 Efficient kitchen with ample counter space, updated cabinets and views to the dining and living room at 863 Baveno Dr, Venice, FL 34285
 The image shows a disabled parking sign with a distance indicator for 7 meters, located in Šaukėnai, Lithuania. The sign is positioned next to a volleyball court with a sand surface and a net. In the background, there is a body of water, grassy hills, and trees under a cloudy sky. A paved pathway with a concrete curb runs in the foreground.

---

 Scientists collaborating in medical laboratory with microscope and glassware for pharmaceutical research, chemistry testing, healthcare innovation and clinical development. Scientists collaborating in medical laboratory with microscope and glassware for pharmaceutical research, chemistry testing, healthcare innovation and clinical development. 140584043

==

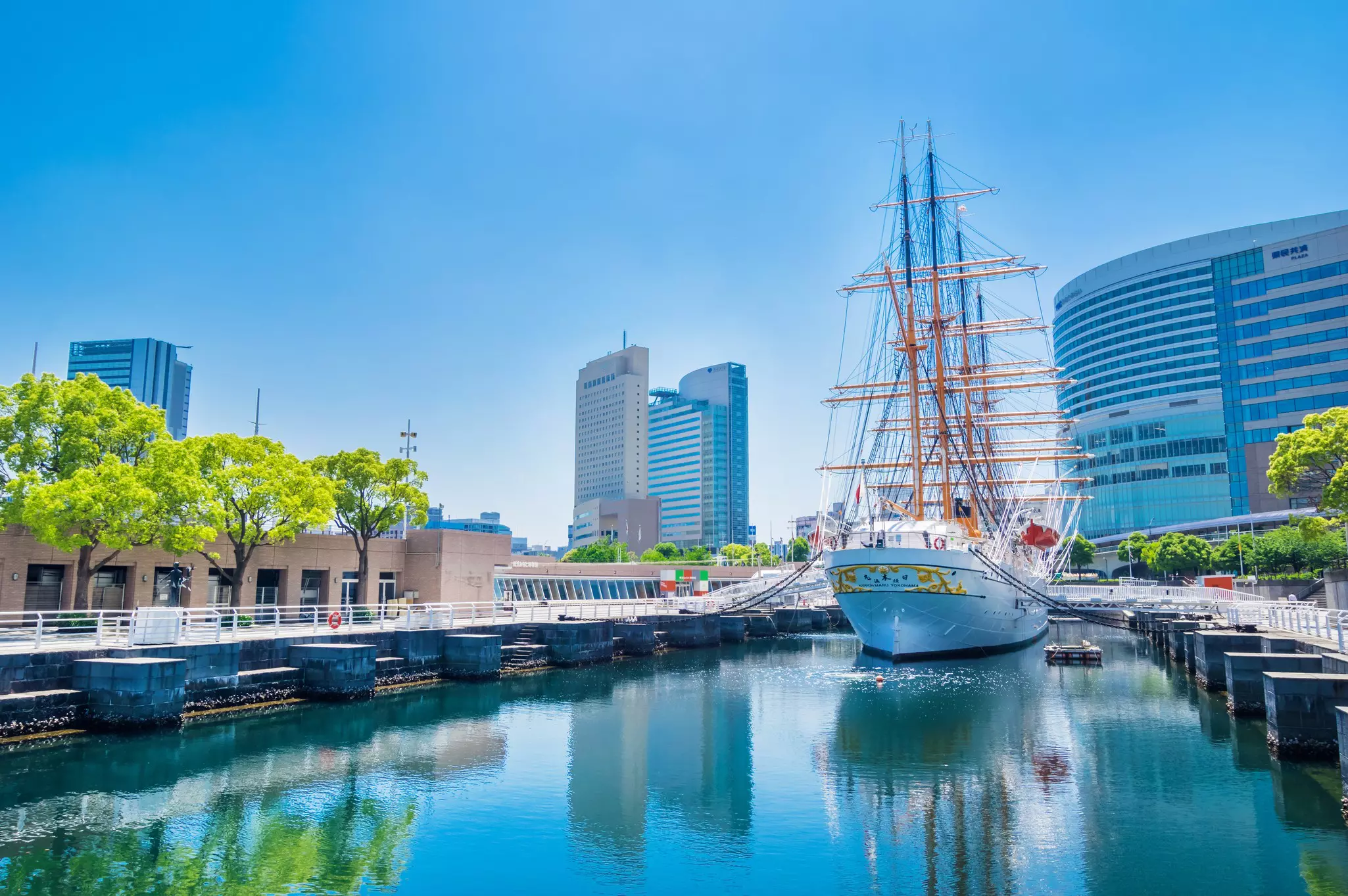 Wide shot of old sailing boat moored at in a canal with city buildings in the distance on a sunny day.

> [The problem]
From the records above, copy out the line with "Efficient kitchen with", the line with "The image shows", and every line between them, word for word.

> [Answer box]
 Efficient kitchen with ample counter space, updated cabinets and views to the dining and living room at 863 Baveno Dr, Venice, FL 34285
 The image shows a disabled parking sign with a distance indicator for 7 meters, located in Šaukėnai, Lithuania. The sign is positioned next to a volleyball court with a sand surface and a net. In the background, there is a body of water, grassy hills, and trees under a cloudy sky. A paved pathway with a concrete curb runs in the foreground.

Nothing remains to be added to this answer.